Les juges d'instruction chargés de l'affaire Adama Traoré ont ordonné une nouvelle expertise médicale après l’audition de nouveaux témoins. Médiatisée par la famille, l’affaire de ce jeune homme noir mort en 2016, après son interpellation par la police, a été érigée en symbole des violences policières en France.
Quatre ans après la mort d’Adama Traoré, jeune homme noir décédé après une interpellation policière, la bataille d’experts continue. Les juges d'instruction chargés de l'affaire ont "demandé une nouvelle expertise médicale", ont annoncé, vendredi 10 juillet, les avocats des gendarmes.
"À la suite de l'audition" par les juges d'instruction le 2 juillet, "du témoin chez qui Adama Traoré s'était réfugié, (les magistrats enquêteurs) ont décidé, par ordonnance de procéder à une nouvelle mesure d'expertise médicale confiée à des médecins belges", ont rapporté Me Rodolphe Bosselut, Pascal Rouiller et Sandra Chirac Kollarik, avocats des gendarmes, dans ce communiqué.
Le 19 juillet 2016, Adama Traoré est mort dans la caserne des gendarmes de Persan, près de deux heures après son arrestation dans sa ville de Beaumont-sur-Oise (Val-d'Oise) et au terme d'une course-poursuite, après avoir échappé à une première interpellation. La mort du jeune homme noir a été érigée par la famille et ses proches en symbole des violences policières. Organisés en collectif, ces derniers demandent que la lumière soit faite sur les circonstances de sa mort.
Des témoignages qui relancent l’enquête
Des investigations complémentaires ont été décidées après l'audition de deux témoins la semaine passée par les juges d'instruction chargés de ce dossier. Il s'agit de l'homme chez qui Adama Traoré s'était réfugié juste avant son arrestation par trois gendarmes et d'une femme qui avait assisté à sa première interpellation.
Les avocats des gendarmes, qui n'ont pas été mis en examen, avaient annoncé la semaine passée qu'ils allaient demander la clôture de l'instruction, estimant qu'il était "temps de mettre un terme à ce dossier" où figurent "plus de 2 400 procès-verbaux".

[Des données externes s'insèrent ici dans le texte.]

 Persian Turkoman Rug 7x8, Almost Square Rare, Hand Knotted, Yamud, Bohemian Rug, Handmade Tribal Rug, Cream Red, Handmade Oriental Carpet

Les deux auditions ont conduit "les magistrats instructeurs à ordonner spontanément des investigations. Ces nouveaux actes montrent que la demande de clôture de l'instruction des gendarmes est rejetée", s'est félicité Me Yassine Bouzrou, l'avocat de la famille Traoré.
"Ces investigations ne me paraissent pas essentielles. Elles concernent la première interpellation dont les circonstances ont déjà été établies", a souligné pour sa part Me Rodolphe Bosselut, l'un des avocats des gendarmes.
Une bataille d’experts
Près de quatre ans après les faits, l'enquête judiciaire est avant tout devenue une bataille d'expertises médicales. Closes en décembre 2018, les investigations avaient été rouvertes par les juges en mars 2019, après la remise d'un rapport médical réalisé à la demande de la famille qui contredisait les conclusions sur le décès.
Si sept experts missionnés par la justice ont jusqu'ici mis en avant des antécédents médicaux — notamment cardiaques et génétiques — pour expliquer ce décès, dédouanant ainsi les gendarmes, les rapports de quatre médecins choisis par la famille ont balayé leurs conclusions et pointé la technique d'interpellation des forces de l'ordre.
Après une ultime expertise judiciaire qui mettait hors de cause les militaires, la famille du jeune homme a réalisé depuis fin mai de nombreuses demandes d'actes, dont l'annulation de cette expertise.